- _Work to complete_
Please set down the data word for word; images do not go in the copy.

- _Data for this exercise_

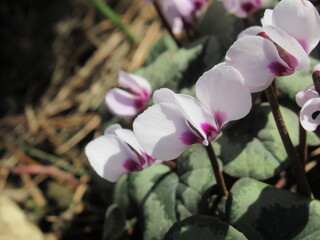 Zbliżenie na jasnoróżowe kwiaty rośliny z gatunku cyclamen © Kumulugma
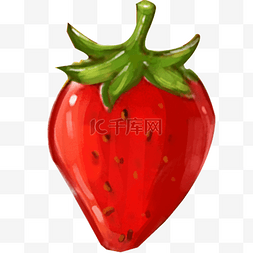 草莓种植图片_红色种植草莓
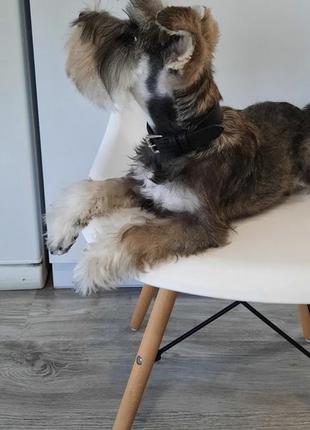 Шкіряний нашийник для собаки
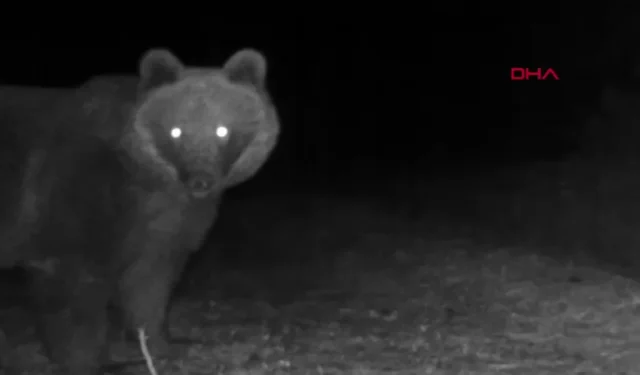Karabük- Bozayılar fotokapanla görüntülendi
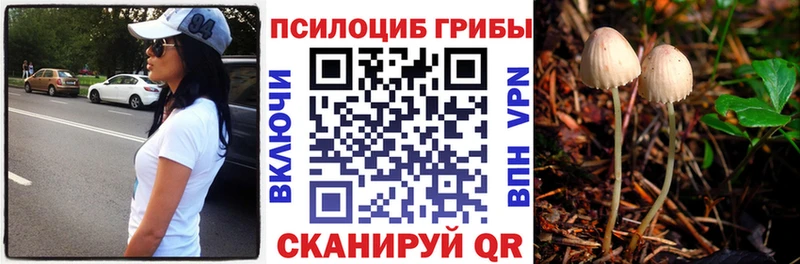 Галлюциногенные грибы ЛСД  купить наркотик  Ершов 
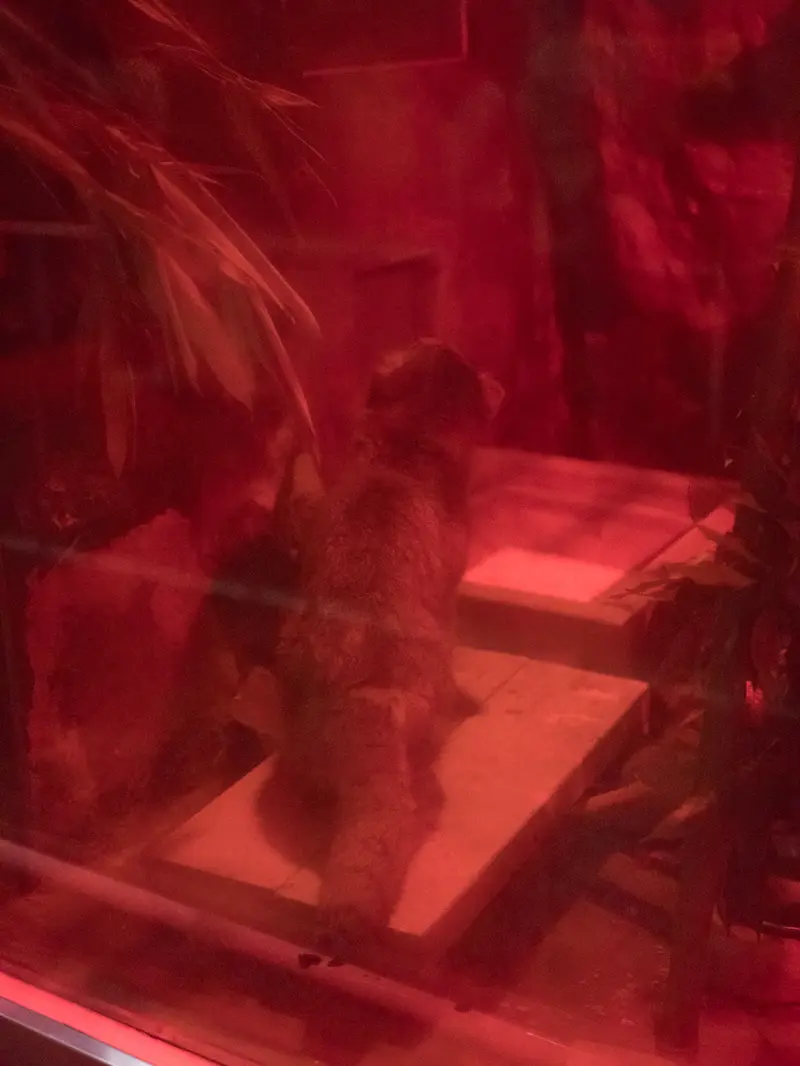 恩賜上野動物園のナイマの写真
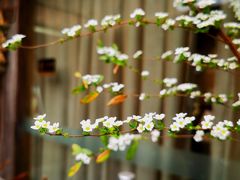 -悦哉·派对·草坪婚礼·围炉煮茶(三圣乡店)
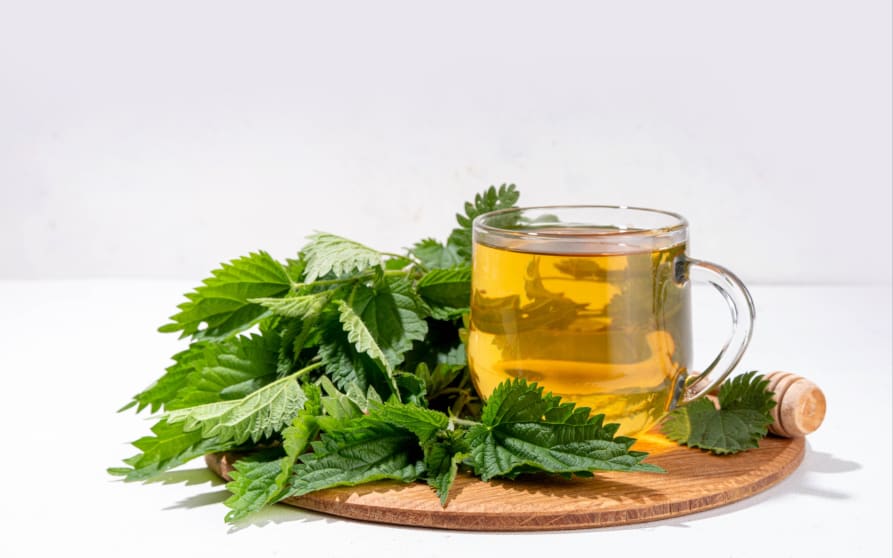 Solutions naturelles contre les pucerons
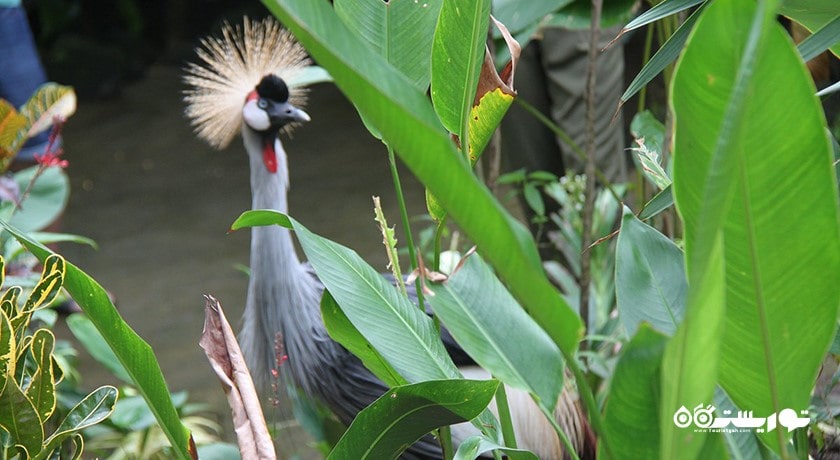  پارک پرندگان و خزندگان بالی شهر اندونزی کشور بالی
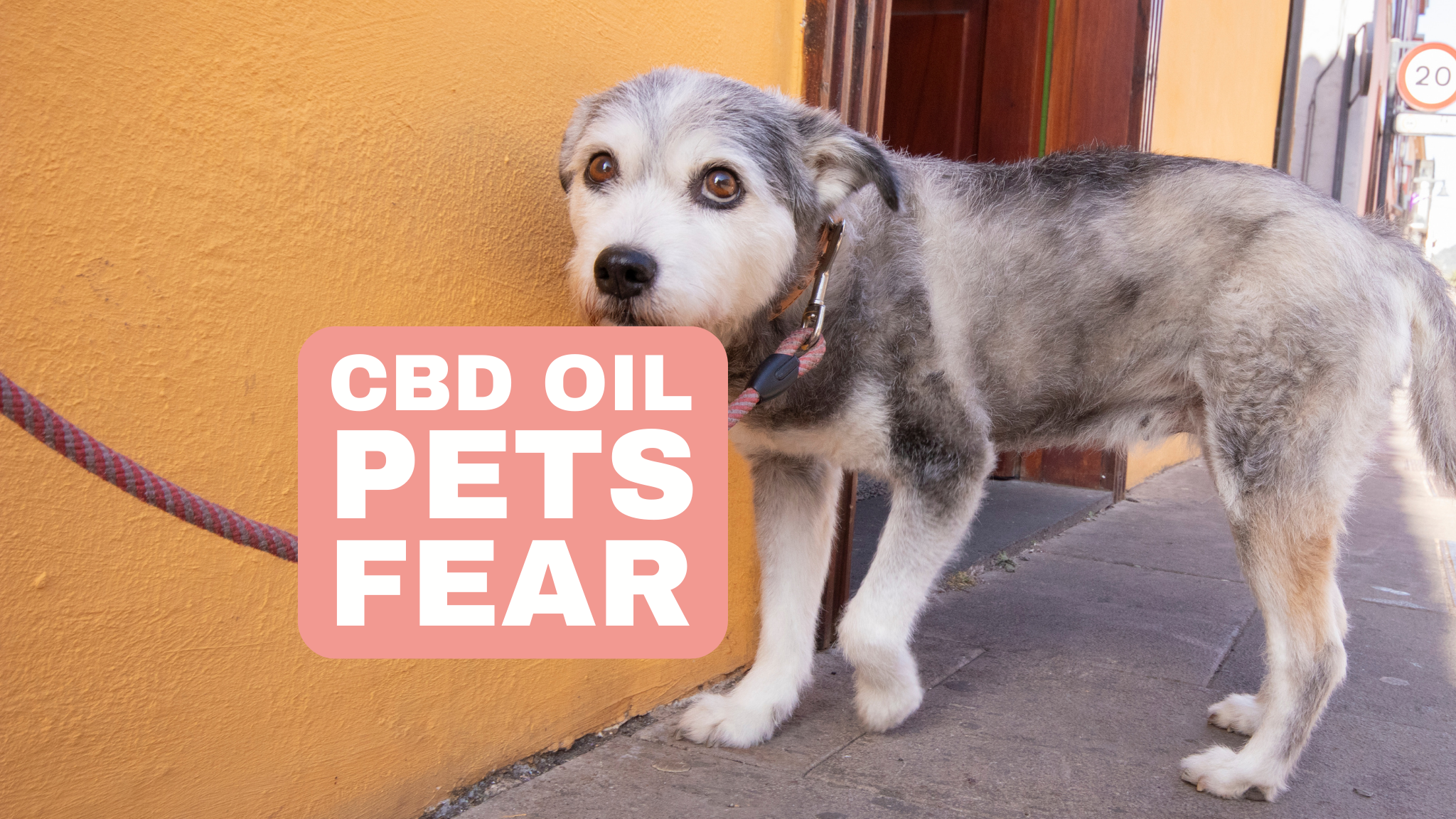 CBD-Öl für Haustiere mit Angst vor Gewittern zur Beruhigung bei schlechtem Wetter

- _Output of the exercise_
 Zbliżenie na jasnoróżowe kwiaty rośliny z gatunku cyclamen © Kumulugma
 草莓种植图片_红色种植草莓
 Шкіряний нашийник для собаки
Karabük- Bozayılar fotokapanla görüntülendi
 Галлюциногенные грибы ЛСД  купить наркотик  Ершов 
 恩賜上野動物園のナイマの写真
 -悦哉·派对·草坪婚礼·围炉煮茶(三圣乡店)
 Solutions naturelles contre les pucerons
  پارک پرندگان و خزندگان بالی شهر اندونزی کشور بالی
 CBD-Öl für Haustiere mit Angst vor Gewittern zur Beruhigung bei schlechtem Wetter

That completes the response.